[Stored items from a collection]
==*==

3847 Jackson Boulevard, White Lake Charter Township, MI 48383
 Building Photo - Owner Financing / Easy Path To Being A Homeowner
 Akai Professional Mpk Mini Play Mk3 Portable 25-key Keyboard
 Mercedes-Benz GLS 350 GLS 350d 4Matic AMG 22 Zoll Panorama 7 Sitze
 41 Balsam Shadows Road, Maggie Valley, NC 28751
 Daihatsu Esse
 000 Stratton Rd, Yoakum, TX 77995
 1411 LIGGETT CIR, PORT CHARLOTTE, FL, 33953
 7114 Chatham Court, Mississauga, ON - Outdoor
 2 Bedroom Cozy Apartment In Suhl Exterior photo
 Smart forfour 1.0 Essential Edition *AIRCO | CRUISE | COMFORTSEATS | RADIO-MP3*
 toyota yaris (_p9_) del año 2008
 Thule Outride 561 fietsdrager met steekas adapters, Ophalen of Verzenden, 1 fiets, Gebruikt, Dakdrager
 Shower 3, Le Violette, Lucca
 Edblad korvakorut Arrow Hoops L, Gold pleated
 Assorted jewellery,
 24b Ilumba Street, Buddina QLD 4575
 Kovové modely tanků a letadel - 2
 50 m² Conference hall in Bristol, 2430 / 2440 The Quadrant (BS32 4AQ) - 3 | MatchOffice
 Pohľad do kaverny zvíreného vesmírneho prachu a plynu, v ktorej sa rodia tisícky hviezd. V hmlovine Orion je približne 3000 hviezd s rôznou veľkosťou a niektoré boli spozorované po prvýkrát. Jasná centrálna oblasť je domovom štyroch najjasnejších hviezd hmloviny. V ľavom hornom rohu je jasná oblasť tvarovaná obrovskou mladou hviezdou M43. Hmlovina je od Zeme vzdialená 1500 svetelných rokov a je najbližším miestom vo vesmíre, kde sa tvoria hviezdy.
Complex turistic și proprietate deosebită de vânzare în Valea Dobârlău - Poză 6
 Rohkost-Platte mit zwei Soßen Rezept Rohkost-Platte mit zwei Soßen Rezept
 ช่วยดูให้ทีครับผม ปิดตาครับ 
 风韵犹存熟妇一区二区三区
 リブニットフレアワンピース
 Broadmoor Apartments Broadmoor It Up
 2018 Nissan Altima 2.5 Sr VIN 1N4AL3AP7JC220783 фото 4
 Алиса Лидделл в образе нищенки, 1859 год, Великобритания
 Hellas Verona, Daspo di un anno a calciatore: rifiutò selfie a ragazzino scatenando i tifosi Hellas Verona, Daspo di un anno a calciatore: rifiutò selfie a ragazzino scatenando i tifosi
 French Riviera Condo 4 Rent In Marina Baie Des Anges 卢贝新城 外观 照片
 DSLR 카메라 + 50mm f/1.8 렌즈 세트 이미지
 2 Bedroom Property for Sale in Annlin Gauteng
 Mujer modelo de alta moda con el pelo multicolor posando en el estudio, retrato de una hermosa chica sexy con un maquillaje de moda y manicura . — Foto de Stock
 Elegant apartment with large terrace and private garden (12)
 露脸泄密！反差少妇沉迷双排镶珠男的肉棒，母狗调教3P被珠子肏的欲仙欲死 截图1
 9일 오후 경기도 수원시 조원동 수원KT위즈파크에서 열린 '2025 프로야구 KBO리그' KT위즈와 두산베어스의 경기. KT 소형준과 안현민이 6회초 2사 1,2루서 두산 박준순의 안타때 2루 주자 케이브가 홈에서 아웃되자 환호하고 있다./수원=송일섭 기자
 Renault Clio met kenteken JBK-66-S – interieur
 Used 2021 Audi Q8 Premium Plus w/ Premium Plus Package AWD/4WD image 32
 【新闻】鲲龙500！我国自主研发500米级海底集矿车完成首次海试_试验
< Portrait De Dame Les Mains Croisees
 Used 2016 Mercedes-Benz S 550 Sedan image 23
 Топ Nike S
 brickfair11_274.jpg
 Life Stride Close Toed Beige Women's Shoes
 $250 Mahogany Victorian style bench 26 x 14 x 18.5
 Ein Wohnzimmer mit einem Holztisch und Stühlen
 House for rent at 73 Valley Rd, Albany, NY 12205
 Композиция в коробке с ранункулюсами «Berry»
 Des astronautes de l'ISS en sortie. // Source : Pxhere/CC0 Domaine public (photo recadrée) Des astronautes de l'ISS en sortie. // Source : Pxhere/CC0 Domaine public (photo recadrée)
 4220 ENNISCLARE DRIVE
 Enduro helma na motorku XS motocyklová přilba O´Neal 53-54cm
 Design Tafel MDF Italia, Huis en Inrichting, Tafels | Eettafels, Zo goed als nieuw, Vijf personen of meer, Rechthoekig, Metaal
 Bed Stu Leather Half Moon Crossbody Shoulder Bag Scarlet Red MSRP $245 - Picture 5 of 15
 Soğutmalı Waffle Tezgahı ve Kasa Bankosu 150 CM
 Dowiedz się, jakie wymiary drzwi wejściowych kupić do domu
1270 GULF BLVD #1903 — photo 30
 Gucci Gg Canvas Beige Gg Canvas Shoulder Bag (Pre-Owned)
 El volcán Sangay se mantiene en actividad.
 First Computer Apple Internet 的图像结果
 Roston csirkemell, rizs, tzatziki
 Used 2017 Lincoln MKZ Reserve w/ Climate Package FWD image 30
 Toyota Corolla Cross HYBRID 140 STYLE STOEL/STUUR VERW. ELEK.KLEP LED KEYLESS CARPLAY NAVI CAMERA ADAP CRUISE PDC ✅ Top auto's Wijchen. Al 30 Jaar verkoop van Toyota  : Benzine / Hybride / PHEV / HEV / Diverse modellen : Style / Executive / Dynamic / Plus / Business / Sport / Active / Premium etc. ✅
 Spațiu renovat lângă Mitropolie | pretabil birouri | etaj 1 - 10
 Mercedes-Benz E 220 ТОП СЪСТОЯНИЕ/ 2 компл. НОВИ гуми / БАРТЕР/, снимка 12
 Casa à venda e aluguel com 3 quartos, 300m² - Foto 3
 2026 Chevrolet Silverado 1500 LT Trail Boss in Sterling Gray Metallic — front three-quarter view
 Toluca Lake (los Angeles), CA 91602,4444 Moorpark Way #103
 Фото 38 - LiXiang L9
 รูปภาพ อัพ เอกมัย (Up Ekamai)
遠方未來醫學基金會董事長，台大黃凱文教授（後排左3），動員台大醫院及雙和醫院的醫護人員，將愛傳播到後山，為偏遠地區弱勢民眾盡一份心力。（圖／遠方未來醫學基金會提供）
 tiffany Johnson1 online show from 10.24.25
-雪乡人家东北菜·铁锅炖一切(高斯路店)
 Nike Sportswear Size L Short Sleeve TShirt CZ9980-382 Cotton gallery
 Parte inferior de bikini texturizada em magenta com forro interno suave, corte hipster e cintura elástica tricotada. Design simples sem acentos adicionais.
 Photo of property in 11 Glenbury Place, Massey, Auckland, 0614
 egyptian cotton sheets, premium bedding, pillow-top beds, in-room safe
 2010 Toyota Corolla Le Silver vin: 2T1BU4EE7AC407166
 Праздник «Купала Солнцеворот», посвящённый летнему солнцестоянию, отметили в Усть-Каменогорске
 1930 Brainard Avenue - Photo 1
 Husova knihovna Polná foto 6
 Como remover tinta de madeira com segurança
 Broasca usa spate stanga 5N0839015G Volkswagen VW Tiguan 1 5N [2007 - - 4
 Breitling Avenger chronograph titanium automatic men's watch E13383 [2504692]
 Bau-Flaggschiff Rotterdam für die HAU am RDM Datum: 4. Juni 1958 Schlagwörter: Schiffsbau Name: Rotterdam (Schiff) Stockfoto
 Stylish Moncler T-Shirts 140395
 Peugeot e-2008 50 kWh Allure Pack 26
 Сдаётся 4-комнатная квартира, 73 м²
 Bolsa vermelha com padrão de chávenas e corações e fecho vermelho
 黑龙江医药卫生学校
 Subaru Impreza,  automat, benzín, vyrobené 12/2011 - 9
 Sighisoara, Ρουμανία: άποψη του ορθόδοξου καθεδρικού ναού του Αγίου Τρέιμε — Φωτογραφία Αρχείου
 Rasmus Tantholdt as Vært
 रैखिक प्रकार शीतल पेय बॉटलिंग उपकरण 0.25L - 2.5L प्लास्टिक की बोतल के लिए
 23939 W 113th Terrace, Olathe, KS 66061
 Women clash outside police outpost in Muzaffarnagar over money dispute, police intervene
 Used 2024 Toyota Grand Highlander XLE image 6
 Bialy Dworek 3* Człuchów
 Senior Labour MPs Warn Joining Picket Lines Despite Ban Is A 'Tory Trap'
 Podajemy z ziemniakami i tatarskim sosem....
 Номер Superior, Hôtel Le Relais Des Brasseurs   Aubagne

==*==

If a line in the records above contains the string "Bedroom", copy that line out.

 2 Bedroom Cozy Apartment In Suhl Exterior photo
 2 Bedroom Property for Sale in Annlin Gauteng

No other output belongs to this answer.